# What you are asked to do
Here is the task for the listing below: output exactly the lines from the one containing "BATHROOM 1.jpg" through the one containing "Avengers Logo Large", and leave out the pictures.

─── Task data ───

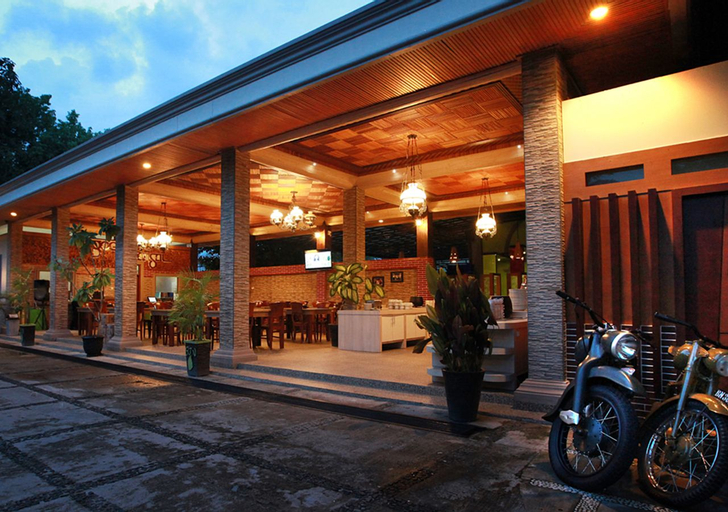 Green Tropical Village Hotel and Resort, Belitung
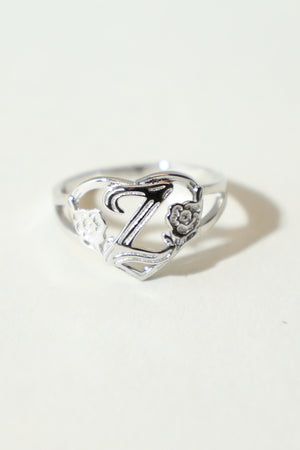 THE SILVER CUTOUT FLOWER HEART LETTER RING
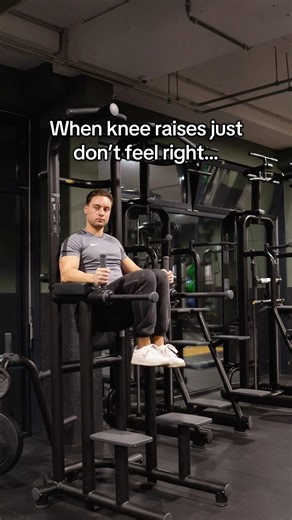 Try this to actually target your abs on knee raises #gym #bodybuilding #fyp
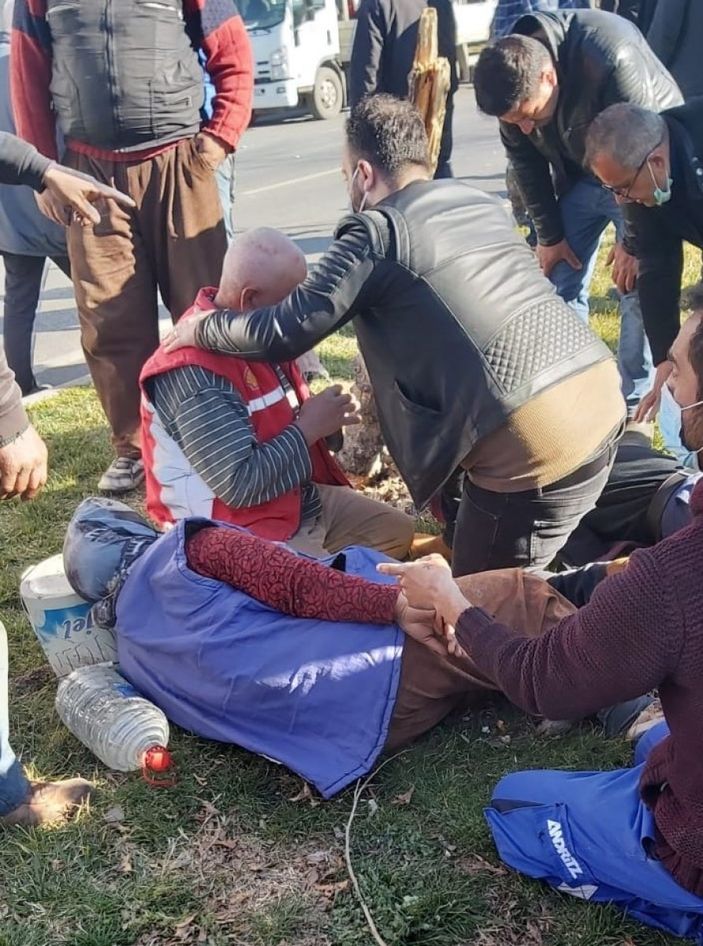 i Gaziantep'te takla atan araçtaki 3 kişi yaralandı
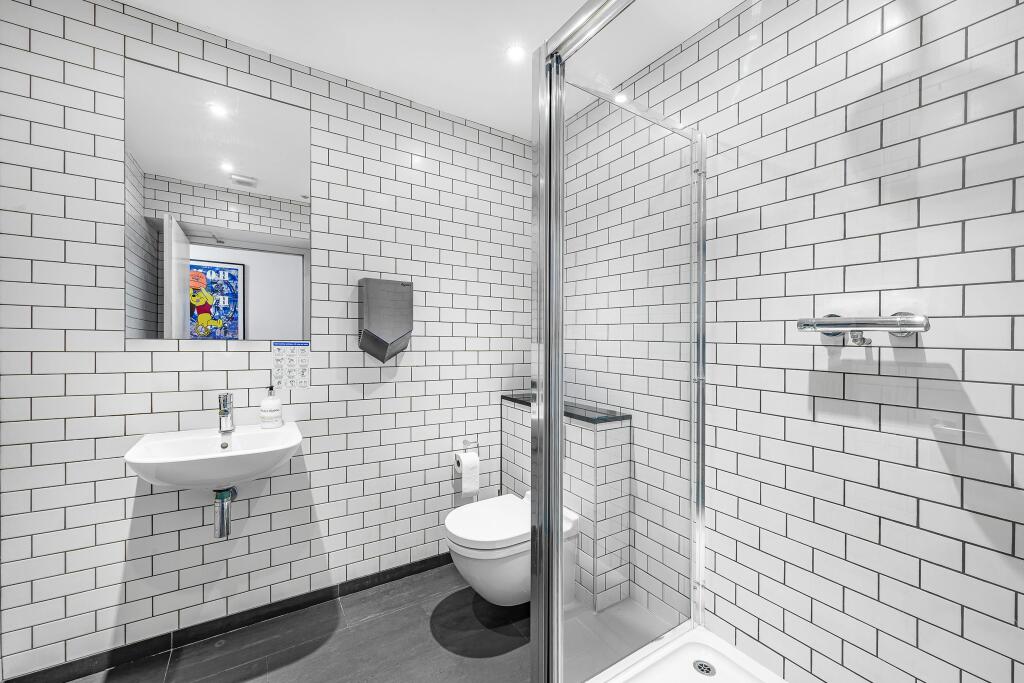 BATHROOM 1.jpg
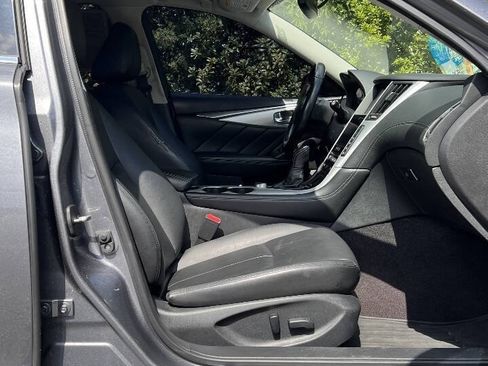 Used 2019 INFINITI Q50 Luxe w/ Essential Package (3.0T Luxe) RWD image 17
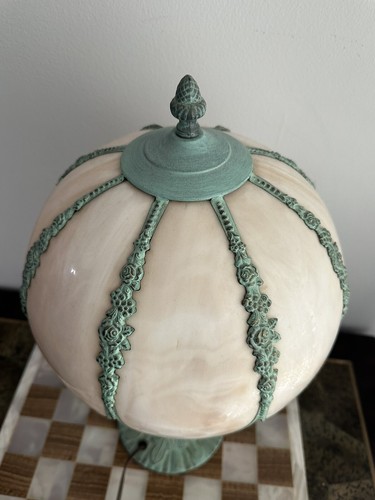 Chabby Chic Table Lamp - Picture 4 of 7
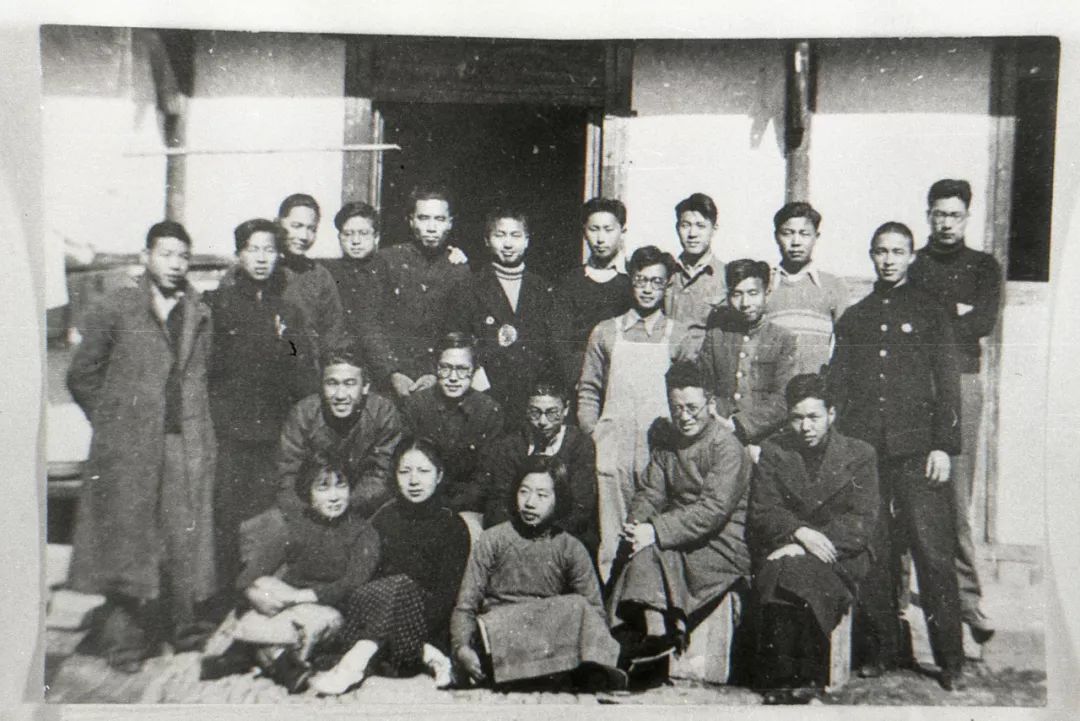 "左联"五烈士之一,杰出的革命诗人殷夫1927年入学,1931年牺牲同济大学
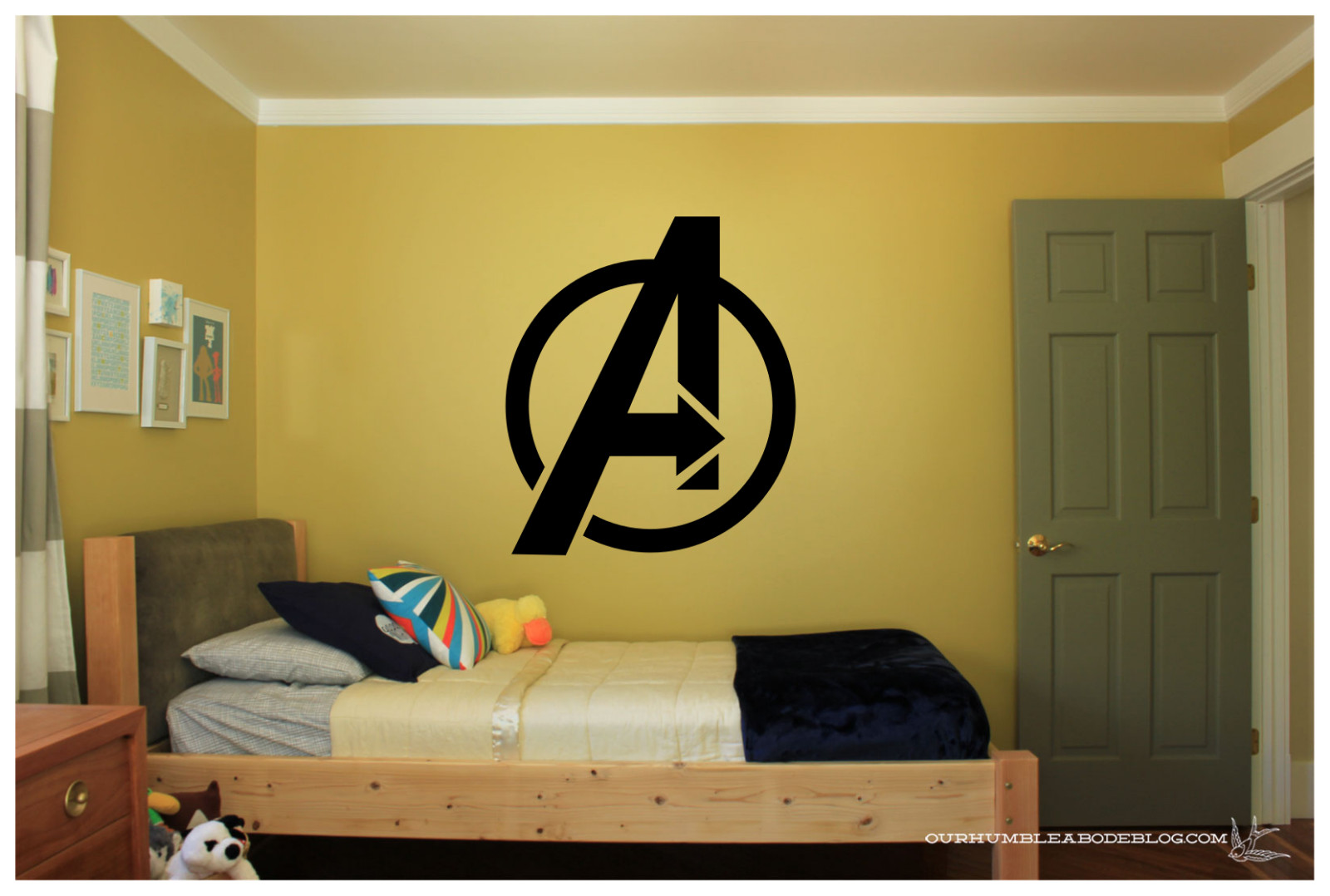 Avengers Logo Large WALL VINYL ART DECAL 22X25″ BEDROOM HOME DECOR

───
─── Task data ───

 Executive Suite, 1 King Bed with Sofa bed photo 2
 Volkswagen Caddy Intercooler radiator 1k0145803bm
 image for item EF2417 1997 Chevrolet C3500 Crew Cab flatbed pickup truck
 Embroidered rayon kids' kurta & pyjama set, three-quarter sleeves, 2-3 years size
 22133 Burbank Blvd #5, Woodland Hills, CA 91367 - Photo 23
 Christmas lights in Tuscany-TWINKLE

───

# Result of the task
 BATHROOM 1.jpg
 Used 2019 INFINITI Q50 Luxe w/ Essential Package (3.0T Luxe) RWD image 17
 Chabby Chic Table Lamp - Picture 4 of 7
 "左联"五烈士之一,杰出的革命诗人殷夫1927年入学,1931年牺牲同济大学
 Avengers Logo Large WALL VINYL ART DECAL 22X25″ BEDROOM HOME DECOR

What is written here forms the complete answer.